To the lazy, here is a summary on lay terms (it isn't my field):
Quantum mechanics causes serious problems. It's not just the question of particles we can't find until we look at them (as the article says), but also the problem of particles that purportedly can be at different places at the same time.
Well, contrary to quantum theory that is fully indeterministic, classic physics on gravity is fully deterministic.
But gravity also must work on the sub-atomic level (they are still searching for the so-called gravitons, particles that are the vehicles of gravity on sub-atomic level), since when, for instance, a star attracts a planet, that attraction must work on all the sub-atomic particles of the planet also.
So, how can quantum mechanics be right when gravity, which has also to work (they don't know how) on sub-atomic level, is fully deterministic?
If all the sub-atomic particles are undetermined and can have bizarre effects/movements, how came we never see bizarre events on the supra-atomic level?
Well, the article writes about an old theory, the Broglie–Bohm theory, which says quantum mechanics is wrong. Sub-atomic particles can be also determined, if we have information about the initial state of the system and applied the accepted equation/wave function.
Problems of the Broglie–Bohm theory were highlighted on an 1992 paper (known as ESSW), saying it would also force to conclude that sub-atomic particles could have surreal moves, since electrons or photons would appear as well to cross on two different places at the same time, like more or less quantum mechanics says.
But the article summarized mentions the above quoted 2016 article saying that this 1992 paper is wrong, that Broglie–Bohm mechanics is deterministic and that doesn't force to accept surreal movements.

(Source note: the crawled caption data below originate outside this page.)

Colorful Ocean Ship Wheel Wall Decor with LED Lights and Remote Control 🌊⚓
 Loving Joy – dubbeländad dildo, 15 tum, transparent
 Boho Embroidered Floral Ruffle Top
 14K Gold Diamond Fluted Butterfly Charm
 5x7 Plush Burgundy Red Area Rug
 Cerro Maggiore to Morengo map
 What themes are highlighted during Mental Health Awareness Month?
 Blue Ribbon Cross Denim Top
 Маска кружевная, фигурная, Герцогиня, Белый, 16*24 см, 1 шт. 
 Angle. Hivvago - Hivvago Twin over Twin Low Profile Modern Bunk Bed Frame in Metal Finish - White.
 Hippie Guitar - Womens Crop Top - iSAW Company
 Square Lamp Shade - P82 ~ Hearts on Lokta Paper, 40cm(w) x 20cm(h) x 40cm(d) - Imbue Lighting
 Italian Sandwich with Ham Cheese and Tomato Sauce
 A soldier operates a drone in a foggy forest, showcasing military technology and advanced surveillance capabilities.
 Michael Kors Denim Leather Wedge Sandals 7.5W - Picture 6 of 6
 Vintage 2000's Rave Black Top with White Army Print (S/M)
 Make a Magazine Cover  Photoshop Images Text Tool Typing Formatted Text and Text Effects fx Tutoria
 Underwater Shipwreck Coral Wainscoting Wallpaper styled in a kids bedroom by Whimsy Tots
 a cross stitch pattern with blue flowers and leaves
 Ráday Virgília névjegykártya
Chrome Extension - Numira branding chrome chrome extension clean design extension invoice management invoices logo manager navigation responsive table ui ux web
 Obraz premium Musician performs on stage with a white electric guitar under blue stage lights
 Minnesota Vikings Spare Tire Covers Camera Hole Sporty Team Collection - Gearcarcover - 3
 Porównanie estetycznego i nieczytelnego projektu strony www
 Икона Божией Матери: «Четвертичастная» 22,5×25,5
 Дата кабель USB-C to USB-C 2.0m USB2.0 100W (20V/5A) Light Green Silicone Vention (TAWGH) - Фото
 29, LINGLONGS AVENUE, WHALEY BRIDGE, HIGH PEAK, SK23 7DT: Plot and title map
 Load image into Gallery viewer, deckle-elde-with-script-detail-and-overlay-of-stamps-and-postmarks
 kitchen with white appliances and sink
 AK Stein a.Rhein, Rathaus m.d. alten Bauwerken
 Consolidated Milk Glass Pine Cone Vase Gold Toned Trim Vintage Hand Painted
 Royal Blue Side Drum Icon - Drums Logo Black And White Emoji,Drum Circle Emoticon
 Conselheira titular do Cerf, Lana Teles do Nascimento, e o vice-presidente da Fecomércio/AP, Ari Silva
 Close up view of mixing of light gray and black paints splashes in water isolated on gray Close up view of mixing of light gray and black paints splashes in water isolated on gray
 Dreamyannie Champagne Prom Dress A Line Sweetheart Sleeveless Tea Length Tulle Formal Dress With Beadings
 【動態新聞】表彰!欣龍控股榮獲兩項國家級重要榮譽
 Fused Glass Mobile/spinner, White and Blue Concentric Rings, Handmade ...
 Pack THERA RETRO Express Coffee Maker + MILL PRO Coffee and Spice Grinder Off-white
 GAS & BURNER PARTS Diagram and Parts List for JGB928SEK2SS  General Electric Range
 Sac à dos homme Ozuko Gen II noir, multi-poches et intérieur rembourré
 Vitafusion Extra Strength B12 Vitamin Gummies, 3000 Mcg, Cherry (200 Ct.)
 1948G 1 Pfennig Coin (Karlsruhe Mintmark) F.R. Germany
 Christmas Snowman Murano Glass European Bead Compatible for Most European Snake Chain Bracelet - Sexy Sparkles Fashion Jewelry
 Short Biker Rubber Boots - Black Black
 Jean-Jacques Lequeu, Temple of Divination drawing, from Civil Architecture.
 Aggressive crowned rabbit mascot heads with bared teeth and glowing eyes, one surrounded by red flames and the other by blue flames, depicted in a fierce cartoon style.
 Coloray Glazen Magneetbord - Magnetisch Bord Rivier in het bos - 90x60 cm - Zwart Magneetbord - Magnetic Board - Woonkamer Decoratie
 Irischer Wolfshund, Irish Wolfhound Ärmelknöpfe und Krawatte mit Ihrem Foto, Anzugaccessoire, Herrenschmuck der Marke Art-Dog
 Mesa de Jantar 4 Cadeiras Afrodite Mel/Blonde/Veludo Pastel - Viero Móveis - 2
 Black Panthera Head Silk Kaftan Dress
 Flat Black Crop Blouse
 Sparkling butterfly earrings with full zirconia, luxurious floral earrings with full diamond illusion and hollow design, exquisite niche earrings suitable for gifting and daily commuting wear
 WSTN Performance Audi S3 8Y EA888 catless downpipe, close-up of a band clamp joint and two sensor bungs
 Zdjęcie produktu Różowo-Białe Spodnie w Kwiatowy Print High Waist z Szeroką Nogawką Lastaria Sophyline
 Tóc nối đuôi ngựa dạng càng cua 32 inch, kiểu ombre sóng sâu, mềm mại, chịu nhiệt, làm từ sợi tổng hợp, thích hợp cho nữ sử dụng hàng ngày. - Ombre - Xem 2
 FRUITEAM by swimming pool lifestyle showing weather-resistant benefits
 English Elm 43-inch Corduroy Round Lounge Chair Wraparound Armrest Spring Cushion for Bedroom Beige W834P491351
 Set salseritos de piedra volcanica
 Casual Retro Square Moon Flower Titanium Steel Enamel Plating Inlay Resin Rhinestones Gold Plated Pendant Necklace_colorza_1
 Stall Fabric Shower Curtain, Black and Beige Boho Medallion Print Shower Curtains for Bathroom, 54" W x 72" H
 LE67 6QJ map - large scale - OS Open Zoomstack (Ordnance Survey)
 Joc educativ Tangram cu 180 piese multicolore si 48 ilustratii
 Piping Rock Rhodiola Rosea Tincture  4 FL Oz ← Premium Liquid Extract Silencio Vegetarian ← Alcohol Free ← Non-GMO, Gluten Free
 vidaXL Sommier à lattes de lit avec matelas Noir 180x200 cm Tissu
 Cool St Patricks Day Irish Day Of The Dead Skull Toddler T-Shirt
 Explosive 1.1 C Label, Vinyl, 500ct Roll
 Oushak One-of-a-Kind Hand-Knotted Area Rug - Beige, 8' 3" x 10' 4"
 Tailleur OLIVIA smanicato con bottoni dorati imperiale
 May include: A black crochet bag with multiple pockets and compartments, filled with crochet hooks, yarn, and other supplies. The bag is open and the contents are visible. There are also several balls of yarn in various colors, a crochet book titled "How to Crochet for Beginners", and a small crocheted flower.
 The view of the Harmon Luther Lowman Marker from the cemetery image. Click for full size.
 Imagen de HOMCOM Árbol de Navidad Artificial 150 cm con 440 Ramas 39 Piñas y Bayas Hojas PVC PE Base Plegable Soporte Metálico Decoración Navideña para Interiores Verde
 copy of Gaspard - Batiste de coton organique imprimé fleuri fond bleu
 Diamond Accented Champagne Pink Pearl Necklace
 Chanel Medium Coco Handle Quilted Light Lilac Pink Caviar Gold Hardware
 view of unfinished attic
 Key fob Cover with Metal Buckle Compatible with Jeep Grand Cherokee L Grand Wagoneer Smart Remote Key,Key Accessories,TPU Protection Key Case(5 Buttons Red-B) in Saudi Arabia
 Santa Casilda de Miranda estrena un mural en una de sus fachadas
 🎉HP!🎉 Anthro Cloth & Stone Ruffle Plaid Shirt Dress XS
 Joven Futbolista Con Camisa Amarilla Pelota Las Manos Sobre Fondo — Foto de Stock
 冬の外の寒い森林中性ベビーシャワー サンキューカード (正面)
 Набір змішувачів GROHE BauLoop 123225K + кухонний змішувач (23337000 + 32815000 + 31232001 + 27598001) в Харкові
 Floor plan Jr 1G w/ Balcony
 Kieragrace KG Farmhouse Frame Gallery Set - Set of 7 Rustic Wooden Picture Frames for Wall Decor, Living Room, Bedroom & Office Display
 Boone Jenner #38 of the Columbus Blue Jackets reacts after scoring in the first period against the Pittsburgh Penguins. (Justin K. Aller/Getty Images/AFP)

That the conclusion on the surreal moves was based on the still bizarre entangled effect (particles connected, even at very far distances, seemed to know at all times where the other was and what was happening to it: see, for instance
http://www.wired.com/2016/05/simple-yes-simple-guide-quantum-entanglement/) and that the surreal movement of the first particle was figured out only based on what the other particle said about the movement of the first particle.
Well, contrary to what has been said, it seems that the information each particle knows about the other isn't trustworthy at long distances.
As the distance between the particles grows, one particle starts giving wrong information about the other, creating the impression that the other particle crossed on two different places at the same time.
If truth, this paper, and the experiment on which it is based, also seems to helps solving the problem of how particles so far away could be informed about each other without communicate at speeds faster than light.
If distance makes them give wrong information, perhaps they can't communicate faster than light.